All lines from the one with "استاد حوزه علمیه" onward, through the last line of the records below, are to be retyped word for word.

Supplied entries: Begin

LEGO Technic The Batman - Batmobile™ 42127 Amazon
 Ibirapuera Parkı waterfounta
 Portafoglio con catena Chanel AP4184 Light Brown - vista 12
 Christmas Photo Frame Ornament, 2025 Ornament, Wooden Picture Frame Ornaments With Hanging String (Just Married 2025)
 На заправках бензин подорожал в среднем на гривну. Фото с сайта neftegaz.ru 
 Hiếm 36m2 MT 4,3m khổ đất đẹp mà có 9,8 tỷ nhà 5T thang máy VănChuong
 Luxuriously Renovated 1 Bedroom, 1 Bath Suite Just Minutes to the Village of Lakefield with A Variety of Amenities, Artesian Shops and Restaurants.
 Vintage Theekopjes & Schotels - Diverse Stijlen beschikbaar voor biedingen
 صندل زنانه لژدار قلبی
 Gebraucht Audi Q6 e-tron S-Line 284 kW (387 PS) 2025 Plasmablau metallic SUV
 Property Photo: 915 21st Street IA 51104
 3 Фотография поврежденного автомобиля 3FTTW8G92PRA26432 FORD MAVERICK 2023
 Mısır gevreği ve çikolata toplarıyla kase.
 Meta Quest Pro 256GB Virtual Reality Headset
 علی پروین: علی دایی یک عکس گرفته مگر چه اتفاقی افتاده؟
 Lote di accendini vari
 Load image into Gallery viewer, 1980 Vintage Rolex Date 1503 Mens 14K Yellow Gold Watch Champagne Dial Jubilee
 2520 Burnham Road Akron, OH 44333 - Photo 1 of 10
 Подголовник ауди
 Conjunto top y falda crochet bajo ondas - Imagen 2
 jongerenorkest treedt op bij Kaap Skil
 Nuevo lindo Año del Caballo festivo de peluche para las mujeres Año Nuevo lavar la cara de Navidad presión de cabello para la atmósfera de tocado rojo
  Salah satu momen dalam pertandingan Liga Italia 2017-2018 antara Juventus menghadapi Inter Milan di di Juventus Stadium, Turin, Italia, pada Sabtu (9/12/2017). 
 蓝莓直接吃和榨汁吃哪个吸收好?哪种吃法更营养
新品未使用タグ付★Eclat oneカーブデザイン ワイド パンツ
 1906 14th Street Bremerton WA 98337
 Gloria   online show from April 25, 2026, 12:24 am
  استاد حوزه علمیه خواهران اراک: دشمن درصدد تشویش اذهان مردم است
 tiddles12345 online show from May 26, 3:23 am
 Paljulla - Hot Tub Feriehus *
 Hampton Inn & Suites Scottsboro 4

Supplied entries: End

*Completed task*.
  استاد حوزه علمیه خواهران اراک: دشمن درصدد تشویش اذهان مردم است
 tiddles12345 online show from May 26, 3:23 am
 Paljulla - Hot Tub Feriehus *
 Hampton Inn & Suites Scottsboro 4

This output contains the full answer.